The state and its representatives forget that it was they who initiated the hostilities against the peaceful Baloch and the Baloch are exercising their right to defend themselves and to secure their rights. Ironically, Baloch resistance to atrocities and injustices is considered a crime while state atrocities are deemed legal.

Interior Minister Rehman Malik in the National Assembly said the government had taken cognizance of the killings of Bakhtiar Khan Domki’s family. He was in turn castigated by the assembly members for his remarks relating these killings to those of the FC personnel killed in the recent attacks. Incidentally, the Domki family killings followed and also prompted attacks on FC personnel in Balochistan by militant groups.
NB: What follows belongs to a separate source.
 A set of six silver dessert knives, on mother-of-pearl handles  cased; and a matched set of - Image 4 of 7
After the killings of the FC personnel in Margat area, the Baloch Liberation Army (BLA) spokesperson stated these were in retaliation for the killings of the Baloch ladies.
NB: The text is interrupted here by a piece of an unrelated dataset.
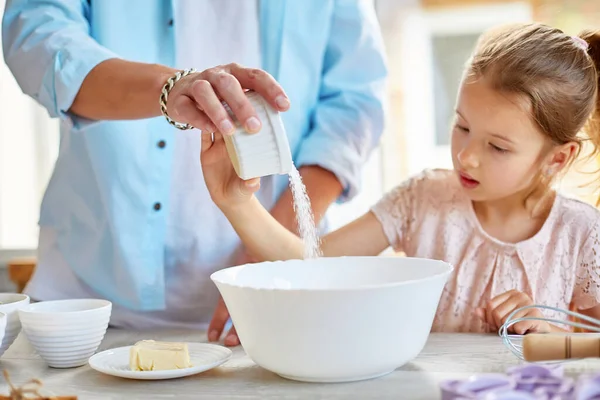 Father and daughter preparing dough together in kitchen, adding sugar to bowl while cooking pastry at home, Family cooking at home, fatherhood and family weekend concept.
The Baloch understand how utterly worthless and meaningless Rehman Malik’s cognizance taking is but interestingly someone else too has taken cognizance of the situation in Balochistan. Yes, the US House Committee on Foreign Affairs took cognizance and convened a Congressional hearing for an exclusive discussion on Balochistan.

Amid the deteriorating mutual relationship between Pakistan and the US, this is an important development. This powerful House of Representatives Committee oversees the US’s foreign assistance programmes and experts believe it can jeopardise US assistance to Pakistan over human rights violations in Balochistan and this worries Pakistan no end. It follows the US State Department spokeswoman Victoria Nuland’s expression of concern over human rights abuses in Balochistan on January 15. The world is slowly waking to the atrocities in Balochistan.

Republican Congressman Dana Rohrabacher, who recently co-authored an article with Congressman Louie Gohmert expressing support for an independent Balochistan, chaired the hearing. In his piece he had written: “Perhaps we should even consider support for a Balochistan carved out of Pakistan to diminish radical power there (in Pakistan).”

At the Committee meeting in his opening remarks, Mr Rohrabacher said that Balochistan is a turbulent land marred by human rights violations “by regimes that are against US values”. He outlined the history of Pakistan’s creation, and highlighted Balochistan’s grievances vis-à-vis natural resources, and said that the province’s wealth was being taken by the dominant Punjabi elite.

Ali Dayan Hasan, the Pakistan director for Human Rights Watch (HRW), in his submitted remarks, said that the cases documented by the HRW show that Pakistan’s security forces and its intelligence agencies were involved in the enforced disappearance of ethnic Baloch. He termed the military’s role in the province as brutal, and an occupying one.

In his testimony, analyst Ralph Peters, who had in his June 2006 article ‘Blood borders: How a better Middle East would look’ published a map of free Balochistan, called Pakistan a supporter of terrorism. In his submitted testimony, Amnesty International’s Advocacy Director T Kumar called on the US to “apply the Leahy Amendment without waivers to all Pakistani military units in Balochistan”. The Leahy law prohibits US military assistance to foreign military units that violate human rights with impunity.

Dr M Hosseinbor, a Baloch lawyer and witness at the hearing, quoting Baloch sources said that nearly 4,000 people have disappeared in the province since 2001. In his submitted remarks, he called on the US to support an independent Balochistan “in case Pakistan or Iran or both collapsed from within”.

This meeting has naturally evoked an adverse reaction here from the Foreign Office and the Senate where it was condemned as ‘direct intervention’. The senators across the divide consider the meeting as an affront for Pakistan’s sovereignty and have expressed anger. It just goes to show how misplaced their priorities are, as there is hardly a squeak from them when atrocities are committed against the Baloch but if someone highlights the atrocities, it is resented.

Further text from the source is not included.